К кораблям класса «Марс» у нее имелся свой счет, а принадлежность «Крашнарка» к флоту БГБ сулила ей еще большее удовольствие.
«Только не спеши, Хонор, – напоминала она себе. – Не торопись, а то все испортишь!»
– Коммандер Филипс, а раньше «Крашнарк» здесь бывал?

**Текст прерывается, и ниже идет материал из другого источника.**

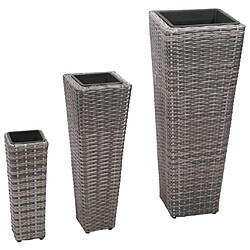 vidaXL Lits surélevés de jardin 3 pcs Résine tressée Gris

– Нет, мэм, – тут же ответила Филипс – Я прошерстила все файлы: корабль в систему не заходил. Гражданка капитан Пангборн и ее офицер связи к Церберу не летали. За весь экипаж не поручусь, но все, кто на вахте, прибывают сюда впервые.
– Превосходно, – пробормотала Хонор. – Быстро вы с этим разобрались, коммандер. Спасибо.
– Рада стараться, – искренне ответила Филипс.
Хонор улыбнулась ей и снова обратилась к Бенсон:
– Если они все новички, физиономия «коммандера Рагман» нам, пожалуй, не понадобится. Раз они все равно никого из здешнего персонала не знают, давайте вернем фантома Харкнесса обратно в компьютер и заменим живым человеком. Кто у нас мог бы притвориться хевом?
– Зачем притворяться, леди Хонор, если у вас есть я? – послышался чей-то тихий голос.
Харрингтон в удивлении обернулась. Кривовато улыбаясь, к ней шел Уорнер Кэслет, оторвавшийся, наконец, от стены, которую он все это время подпирал.
– Уверены, Уорнер? – спокойно спросила она еще тише, чувствуя, что все присутствующие напряглись, борясь с неистовым желанием обернуться и посмотреть на них с Кэслетом.
– Так точно, мэм, – ответил он, невозмутимо встретившись взглядом с ее единственным зрячим глазом.
Спокойствие его было во многом напускным, но говорил он с уверенностью, какой не проявлял, пожалуй, со времени прибытия на Аид.